The Evolution and Growth of Hacking: As you will see that attacks and strategies have improved and evolved over the years in ways you may not be aware of.
Attackers have constantly sought up their game with new tactics and strategies to include various types of malware such as worms, spam, spyware, adware, and even rootkits.
Although they have long known how to harass and irritate the public, in recent years they have caused ever bolder disruption by preying on our connected lifestyle.
Hackers have also started to realize that it is possible to use their skills to generate money in many interesting ways. For example, attackers have used techniques to redirect web browsers to specific pages that generate revenue for themselves.
Another example is a spammer sending out thousands upon thousands email messages that advertise a product or service.
Because sending out bulk emails costs mere pennies, it takes only a small number of purchasers to make a nice profit.
The field you are entering (or may already be working in as a security administrator or engineer) is one that changes rapidly.

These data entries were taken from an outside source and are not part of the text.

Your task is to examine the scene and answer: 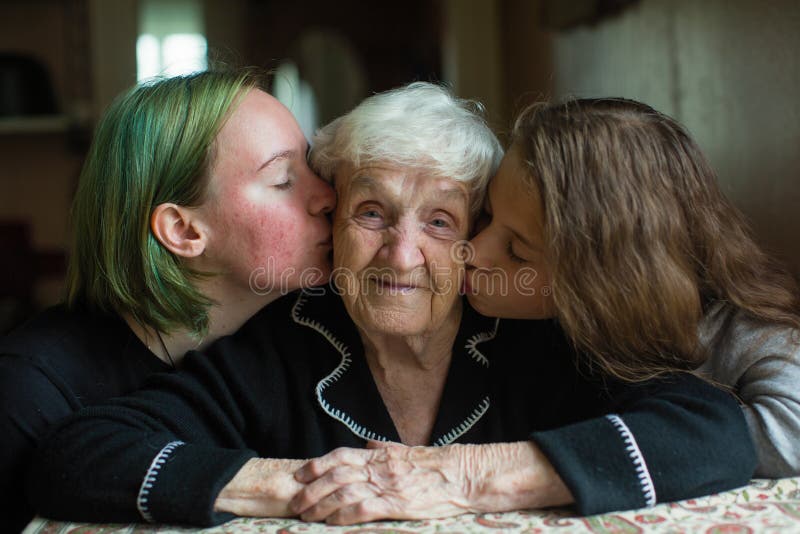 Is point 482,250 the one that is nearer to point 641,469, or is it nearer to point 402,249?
point 402,249

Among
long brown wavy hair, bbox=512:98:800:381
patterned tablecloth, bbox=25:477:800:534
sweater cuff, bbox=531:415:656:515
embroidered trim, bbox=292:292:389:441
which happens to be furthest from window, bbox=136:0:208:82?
sweater cuff, bbox=531:415:656:515

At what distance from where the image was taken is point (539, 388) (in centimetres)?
152

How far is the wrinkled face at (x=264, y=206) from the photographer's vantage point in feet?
5.11

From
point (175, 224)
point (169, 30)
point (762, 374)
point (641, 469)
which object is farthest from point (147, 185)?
point (169, 30)

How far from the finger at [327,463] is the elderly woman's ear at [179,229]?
557 millimetres

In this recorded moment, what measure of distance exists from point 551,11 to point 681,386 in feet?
7.40

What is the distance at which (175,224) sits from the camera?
1.58 metres

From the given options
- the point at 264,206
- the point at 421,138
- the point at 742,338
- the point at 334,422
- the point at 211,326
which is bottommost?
the point at 334,422

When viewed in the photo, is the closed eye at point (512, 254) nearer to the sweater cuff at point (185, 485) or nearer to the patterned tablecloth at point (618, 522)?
the patterned tablecloth at point (618, 522)

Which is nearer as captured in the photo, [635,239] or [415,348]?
[635,239]

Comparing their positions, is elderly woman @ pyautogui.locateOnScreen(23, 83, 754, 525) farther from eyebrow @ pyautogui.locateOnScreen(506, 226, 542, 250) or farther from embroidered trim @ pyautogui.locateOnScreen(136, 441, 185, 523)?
eyebrow @ pyautogui.locateOnScreen(506, 226, 542, 250)

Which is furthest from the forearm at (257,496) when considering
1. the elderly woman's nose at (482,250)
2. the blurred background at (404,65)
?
the blurred background at (404,65)

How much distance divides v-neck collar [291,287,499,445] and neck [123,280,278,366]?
11cm

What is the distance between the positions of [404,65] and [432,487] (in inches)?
241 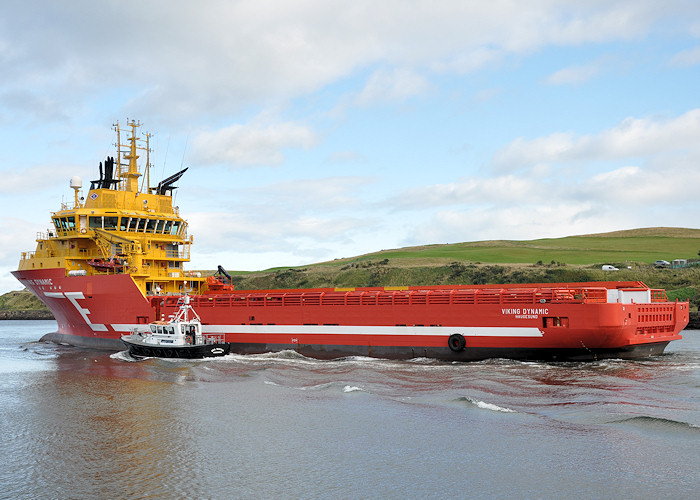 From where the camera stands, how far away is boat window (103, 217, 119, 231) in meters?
34.2

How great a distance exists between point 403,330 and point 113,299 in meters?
16.5

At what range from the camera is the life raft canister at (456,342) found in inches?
961

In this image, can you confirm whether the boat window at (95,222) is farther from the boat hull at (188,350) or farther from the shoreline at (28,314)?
the shoreline at (28,314)

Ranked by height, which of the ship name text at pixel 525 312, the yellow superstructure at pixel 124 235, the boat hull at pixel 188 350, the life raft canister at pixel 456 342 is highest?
the yellow superstructure at pixel 124 235

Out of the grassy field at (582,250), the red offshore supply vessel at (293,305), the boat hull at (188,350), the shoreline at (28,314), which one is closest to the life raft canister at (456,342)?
the red offshore supply vessel at (293,305)

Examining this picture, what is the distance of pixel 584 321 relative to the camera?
2208 cm

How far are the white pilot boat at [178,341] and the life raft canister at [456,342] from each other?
10.4 meters

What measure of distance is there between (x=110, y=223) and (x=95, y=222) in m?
0.80

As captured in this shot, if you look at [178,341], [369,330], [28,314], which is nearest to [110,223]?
[178,341]

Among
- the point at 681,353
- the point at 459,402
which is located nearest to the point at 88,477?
the point at 459,402

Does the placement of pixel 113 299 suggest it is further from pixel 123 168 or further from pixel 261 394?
pixel 261 394

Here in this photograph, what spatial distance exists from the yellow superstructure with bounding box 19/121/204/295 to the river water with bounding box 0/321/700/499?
10682mm

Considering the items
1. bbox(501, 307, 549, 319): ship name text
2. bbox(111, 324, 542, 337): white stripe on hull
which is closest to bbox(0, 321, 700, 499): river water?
bbox(111, 324, 542, 337): white stripe on hull

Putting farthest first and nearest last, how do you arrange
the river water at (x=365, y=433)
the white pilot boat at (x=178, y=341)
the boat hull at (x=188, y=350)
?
the white pilot boat at (x=178, y=341) → the boat hull at (x=188, y=350) → the river water at (x=365, y=433) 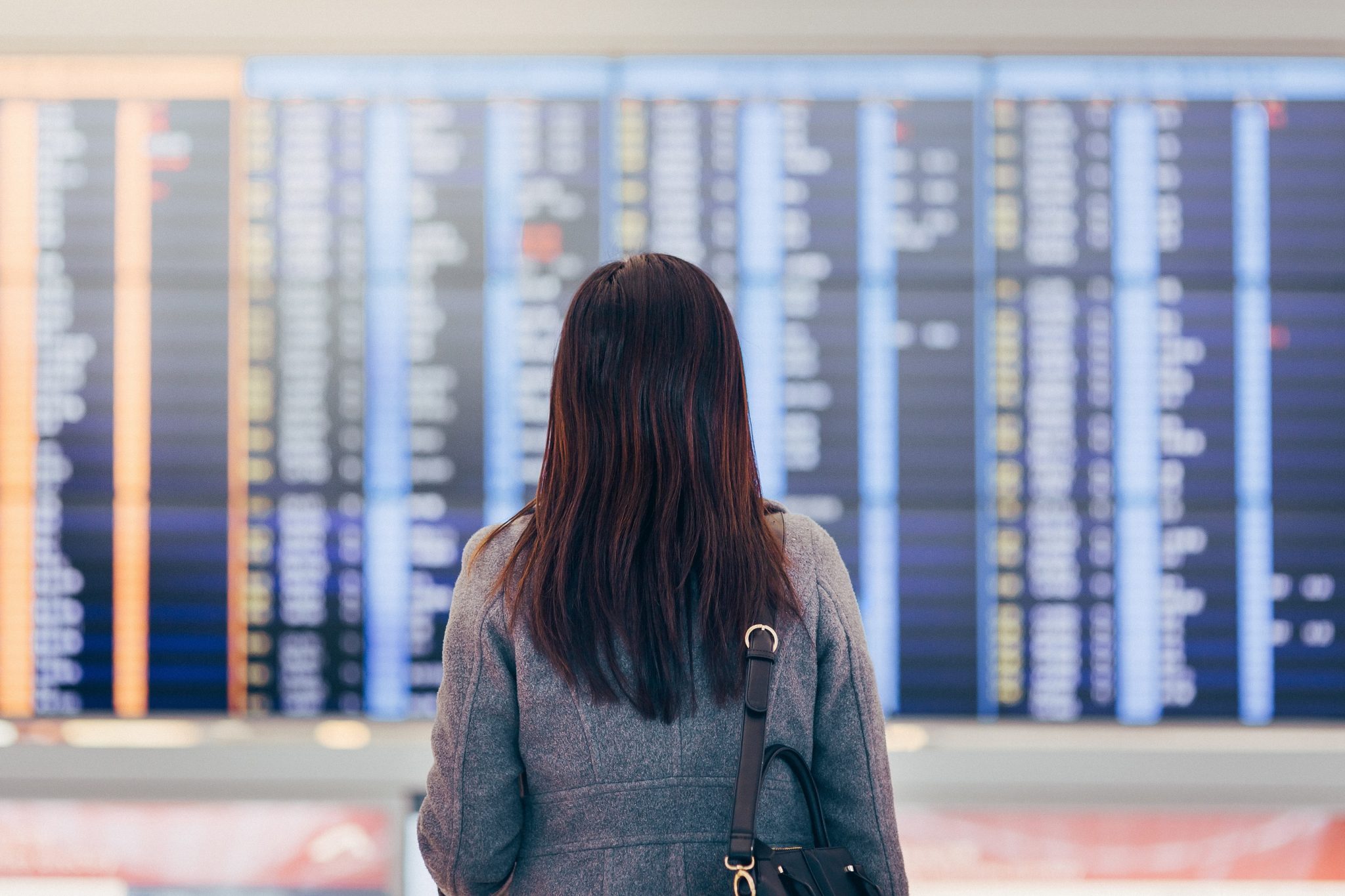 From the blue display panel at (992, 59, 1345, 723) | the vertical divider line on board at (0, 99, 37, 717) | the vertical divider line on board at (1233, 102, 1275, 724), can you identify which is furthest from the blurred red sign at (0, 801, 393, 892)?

In this field attacker and defender are in an ongoing struggle to gain dominance. Because attackers have become highly flexible and adaptable so must you be as an ethical hacker.
Your ability to think outside the box will serve you well as you envision new strategies and potential attacks before they are used against you.
TIP: Whenever you encounter a new technology or new situation, always try to think of different ways the situation or technology can be used.
Think, for example, how a device such as a tablet or smartphone can be used in ways different from what the designer or architect envisioned. Also keep an eye open for weaknesses or vulnerabilities that can be exploited.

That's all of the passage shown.